The thing that motivated me to watch Pausch's interview (again) tonight, was an online conversation that I had with Matt Bushby, spouse of missing Manitoba woman, Claudette Osborne. Matt, whom I became friends with because of my IPP (Independent Professional Project), is one of the most positive people I've ever met. Throughout his ordeal, of losing his 'soul mate,' and raising his children without their mother, Matt has shown a great deal of positivity and strength.
(Which is why I decided to google Pausch; because Matt Bushby's attitude reminded me of Randy Pausch's.)
Tonight, during my online chat with Matt, he encouraged me to continue on with my battle to butt out. He reminded me that self-pity can be very self absorbing, and that I should want to quit more than anything, based on how strong my desire to continue to smoke is.
I was inspired.
As Matt and I chatted, he told me about the new challenge that Claudette's family is doing in honour of her. (Her mother and other family members are walking to Winnipeg from Norway House. -- That's almost 800 km -- To raise awareness about her and about the No Stone Unturned concert that is taking place at the Forks this Friday.)
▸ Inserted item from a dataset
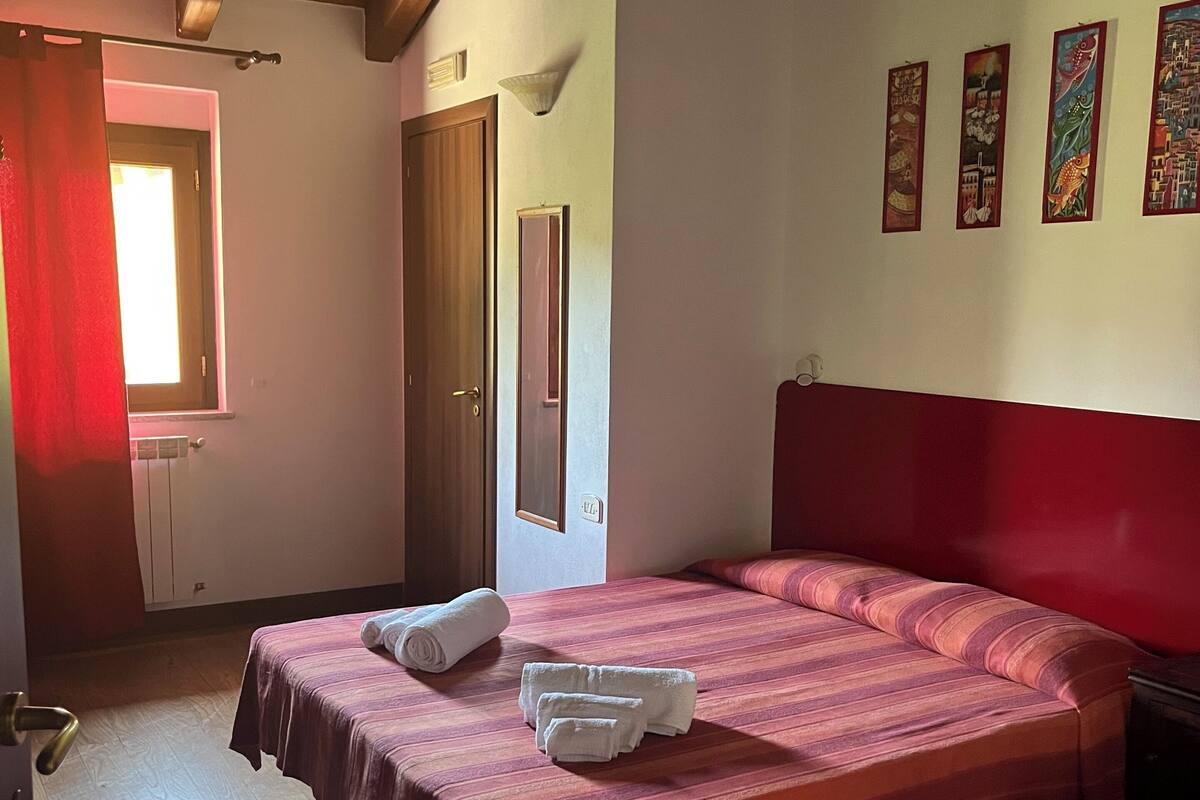 Ein Hotelzimmer mit zwei Betten, Holzboden, einem roten Kopfteil und einem Fenster mit roten Vorhängen.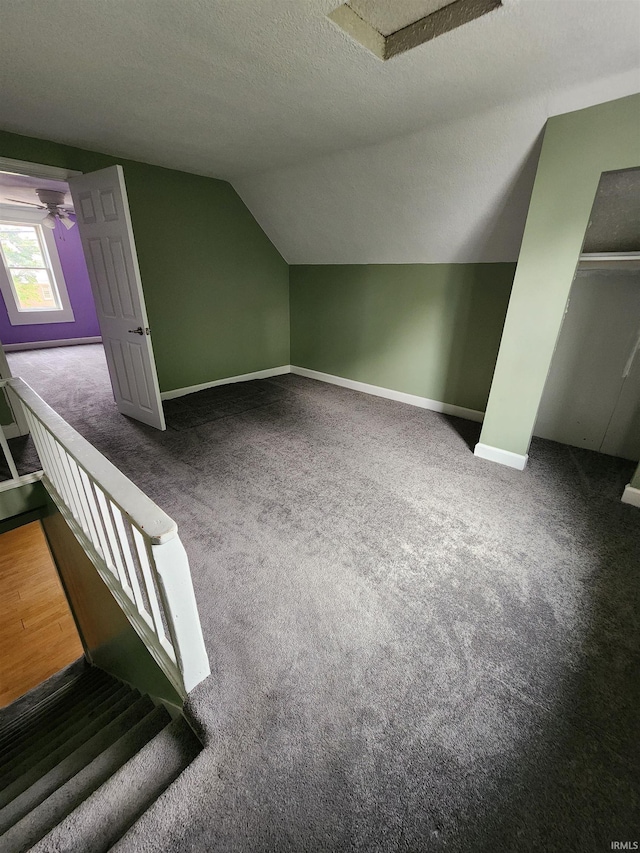 206 S Van Buren St, Monroe, IN 46772 - additional living space with baseboards, lofted ceiling, carpet floors, a textured ceiling, and ceiling fan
Matt told me about how proud he was of Claudette's family, for taking this journey, and said that he will take part in the last leg of the walk from Ashern to Winnipeg.
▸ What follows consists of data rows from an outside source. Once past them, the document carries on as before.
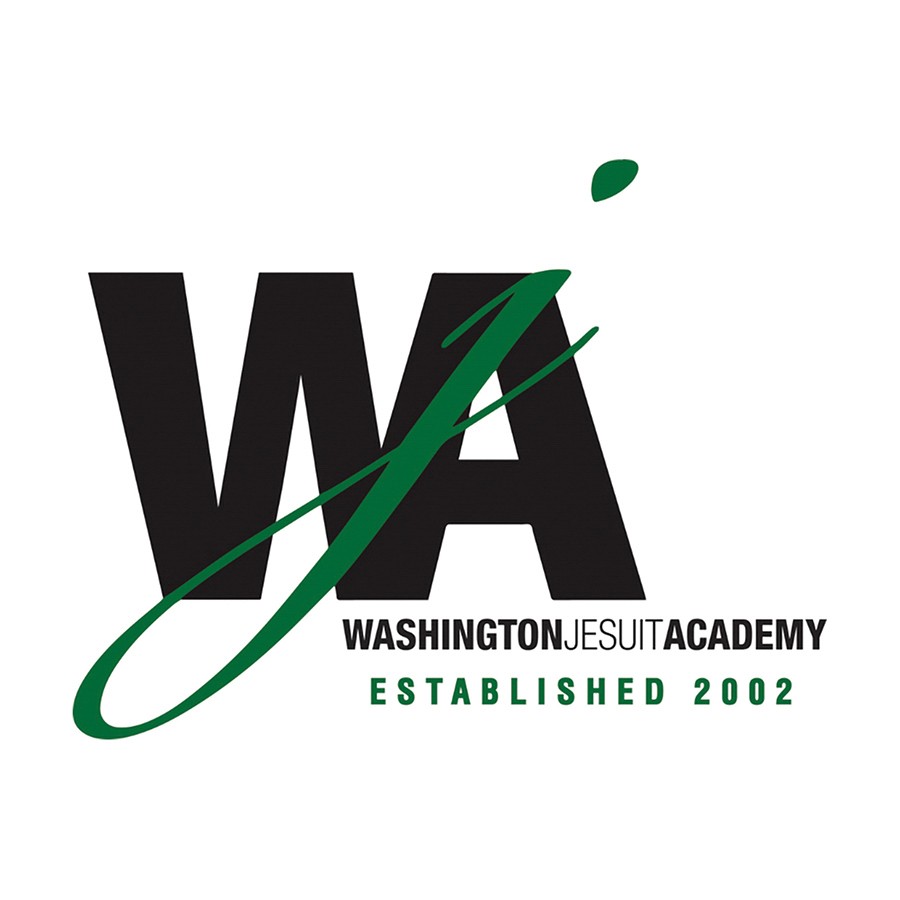 Stohlman Subaru presents Washington Jesuit Academy students with a generous donation from the Subaru Share the Love Event.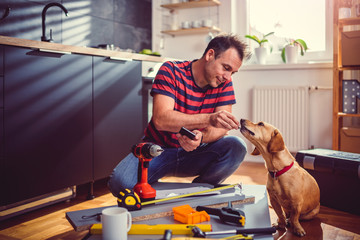 Men feeding his dog during kitchen renovation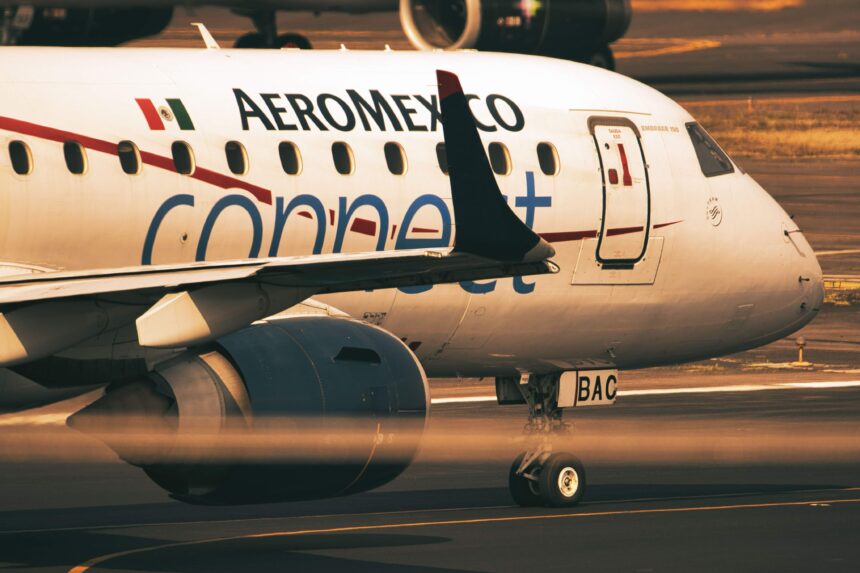 Close-up view of an Aeromexico Connect aircraft during takeoff at airport runway.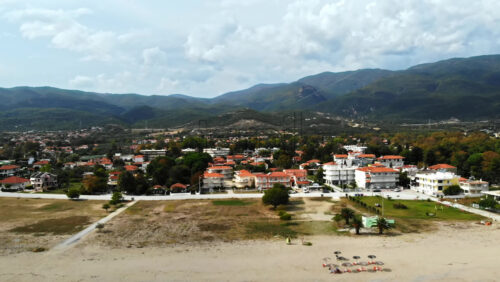 Video - Aerial drone view of the Aegean sea coast in Asprovalta, Greece. Beach with walking woman, umbrellas, multiple buildings and hills covered with greenery in the distance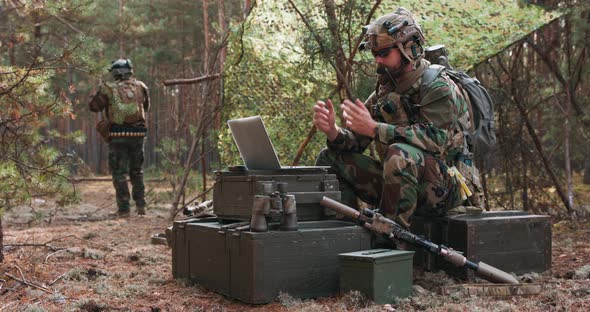A Bearded Commander in a Military Uniform in a Tactical Vest with a Helmet on His Head Chatting alt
Throughout our conversation, Matt maintained a positive attitude, articulating in a way that seemed unfathomable to me (based on what he and his family have been through...)
And then he said something that was so profound to me; after I told him that I liked his attitude and his take on life (especially since his life has been extremely difficult since Claudette went missing.) He said:
"I will never, I think, not feel pain and frustration on how the last few years (of my life) have gone, but I won't let it ruin me either."
After he said that I felt like a big baby! -- Here I am feeling utterly and completely sorry for myself because I can't smoke, and Matt was comforting me! He's found a sort of peace with his life-situation that is a bazillion times more upsetting than mine. (I lost my cigarettes and he lost his wife! There isn't even a comparison there...)
Today, I am going to make a conscious effort to stop complaining about my life and about quitting smoking. It's time for me to snap out of it.